Stories of the Year, No. 3: MLS without Landon Donovan?

Stories of the Year: Landon Donovan

As the Best of 2012 series continues on MLSsoccer.com, we're counting down the 12 most important stories of the year in Major League Soccer. We'll take a look at one story per day from Dec. 19 until Dec. 30, when we unveil what our panel of 20 editors, writers, videographers and statistics specialists voted as the Story of the Year in MLS in 2012.


LA Galaxy beat writer Scott French brings the countdown to No. 3: a long and emotional year for Landon Donovan. The Galaxy captain and US national team stalwart hinted at retirement not once but twice in 2012, leaving MLS and USMNT fans to wonder what 2013 will bring if Donovan has departed.


Landon Donovan's long, difficult 2012 actually began on a high. Another stirring and superb loan stint with Everton, more proof he could cut it with the best in England and, as people expected, a busy and productive offseason that would only pay dividends for both the LA Galaxy and the US national team.
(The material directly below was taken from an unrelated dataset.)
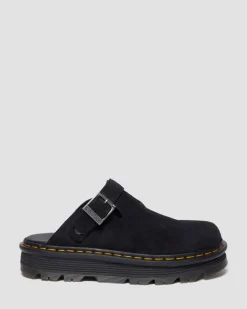Zebzag Suede Casual Slingback Platform Mules in Black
But Donovan returned home with the flu, lost strength and fitness, and suddenly struggled to find himself during LA's horrid opening months while battling a quadriceps strain. He put together a brilliant stretch as they started to turn things around and then limped to the finish after suffering a hamstring strain — and apparently tweaking a knee ailment — in the US national team's mid-August victory over Mexico at Estadio Azteca.


It was a trying campaign that ended splendidly, with another MLS Cup title, but left Donovan needing an extended break and, perhaps, prepared to walk away. And for the first time in a very long time, MLS attempted to prepare for the reality of life without Landon.
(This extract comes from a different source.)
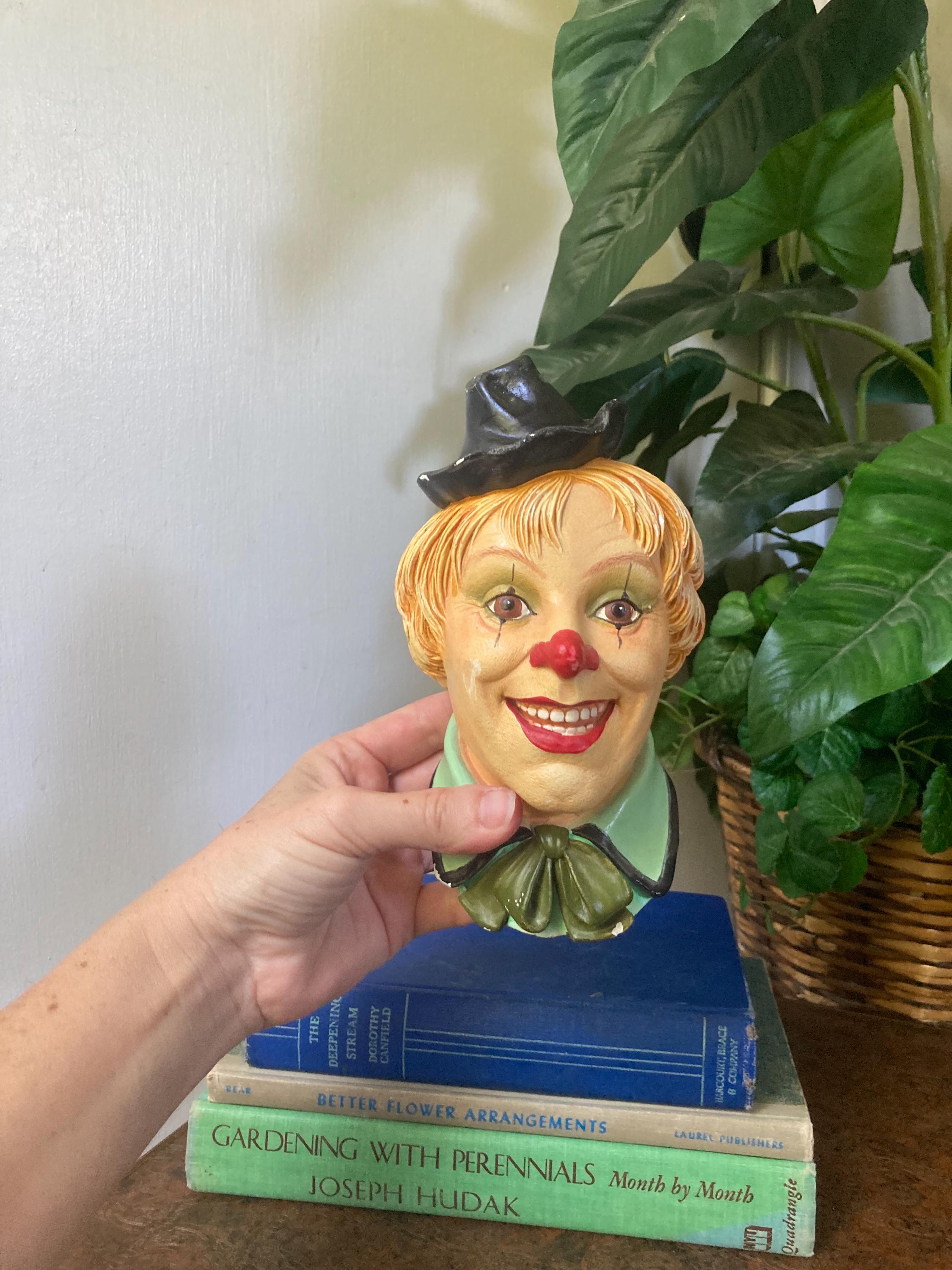 Vintage Chalkware Clown Bust. C - Etsy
The 30-year-old mainstay acknowledged during the summer that retirement was an option, and he made it clear again as the Galaxy prepared for the Dec. 1 title game that it was possible he was done.


“I'm going to take as much time as I need and decide if and when I'm ready to come back,” Donovan told the Los Angeles Times in late November. “I can't put a time frame on that. If it takes two weeks and I'm ready to go again or two months or a year or two years. Or never. I don't know.”
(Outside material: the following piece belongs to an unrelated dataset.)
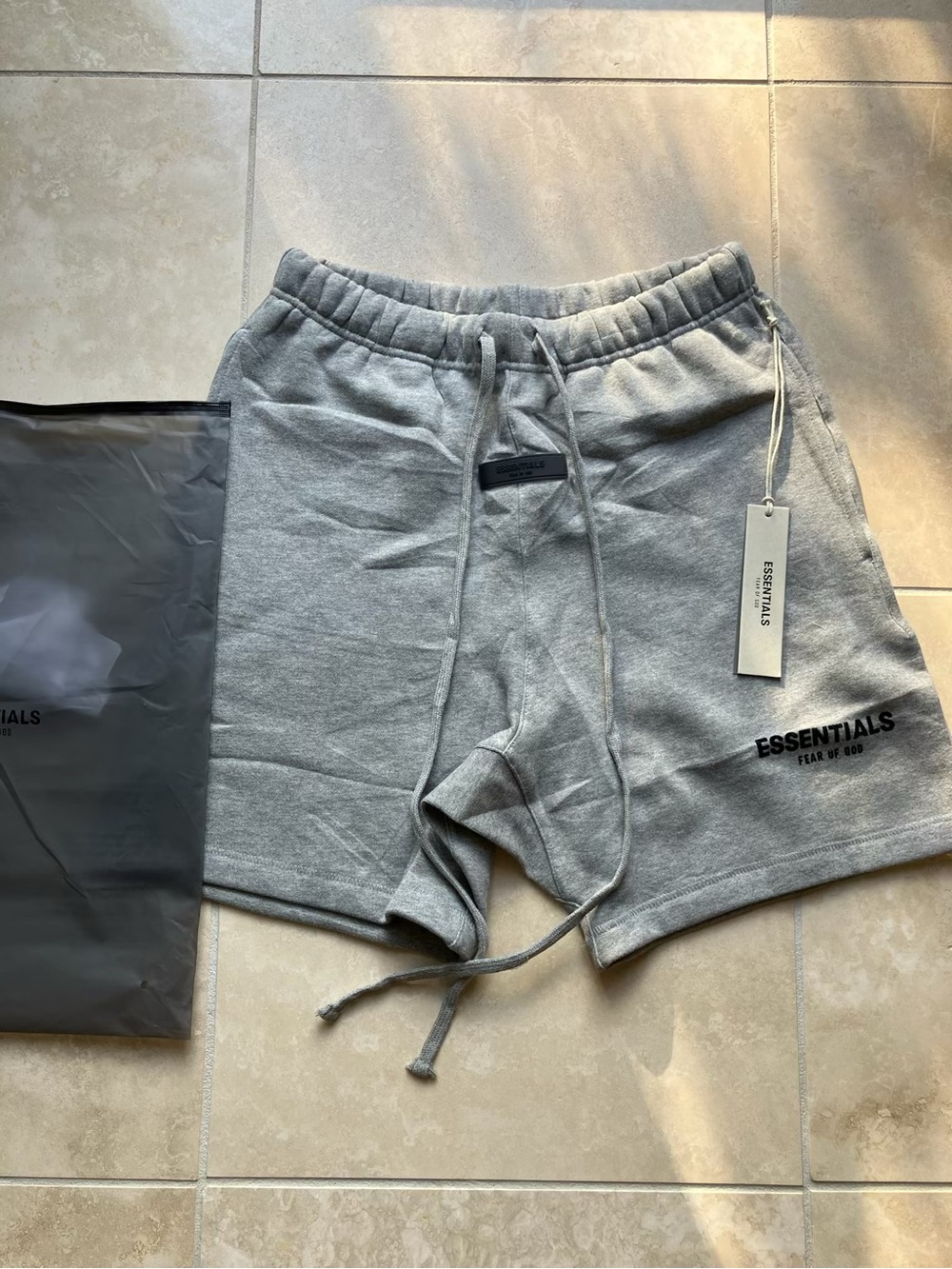 ESSENTIALS Grey Athletic Sweat Shorts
Donovan, who has always proven to be one of the more well-rounded soccer stars, always has sought a balance between his life on and off the field, but nearly two years of constant action — for LA, Everton and the US national team — interspersed with injury and growing fatigue began sapping his desire.


The signs were there in May, after he arrived at the national team's Florida camp before the start of the World Cup qualifying campaign. He told ESPN that “all players reach a point in their career where it's natural to lose some of that hunger, that desire,” that “there's a natural point where it's not as fun anymore” and that “probably sooner rather than later I'll be pretty burned out.”


He reiterated that in October, noting that “your body's going to tell you it's time to take a break, and that's what my body is telling me this year, there's no question.”


After a fine second half in the 3-1 victory over Houston in the MLS Cup final, in which he netted the winning goal with a 65th-minute penalty kick, he was asked if what he felt was, indeed, burnout.


“I guess you could describe it that way, yeah,” he replied. “It's just been a long two years. For all of us. It's not a ‘woe-is-me’ story, but I have to listen to my heart and my gut, and right now my gut says to get away for a while.”


How long that will be, only Donovan knows. And perhaps he doesn't know. And maybe he'll never be back.


But that would surprise Bruce Arena, one of the men who knows Donovan best.


“I probably would be [surprised],” the Galaxy's head coach and general manager said after the game. “We will be fully supportive of whatever Landon wants to do. I think he still has so much to offer the game as a player. I think, hopefully, with a little bit of rest, he'll be ready to get back at some point, but we're going to support Landon anyway we can.”


MY MOMENT OF THE YEAR
by Alexi Lalas

Chris Wondolowski ties the record

In a league that's relatively young, we sometimes lose sight of the fact that there's still a rich and important history to MLS. Many thought Roy Lassiter's record would stand for many more years because of the improved defenses and continued parity that makes it so difficult to score huge amounts of goals in MLS. That's one of the reasons why Chris Wondolowski's achievement was so special.


Throughout the year he showed a consistency in the face of immense pressure and scrutiny, and he delivered time after time. He also did it with a grace and humility that seems unique in modern sports.


Lassiter was there on October 27 to see Wondolowski bury a penalty and tie his record. The past honoring the present. And while it was a moment about Chris Wondolowski, but it was also a moment about the history of MLS, a history that Lassiter, Wondolowski and so many other have helped to write over the last 17 years.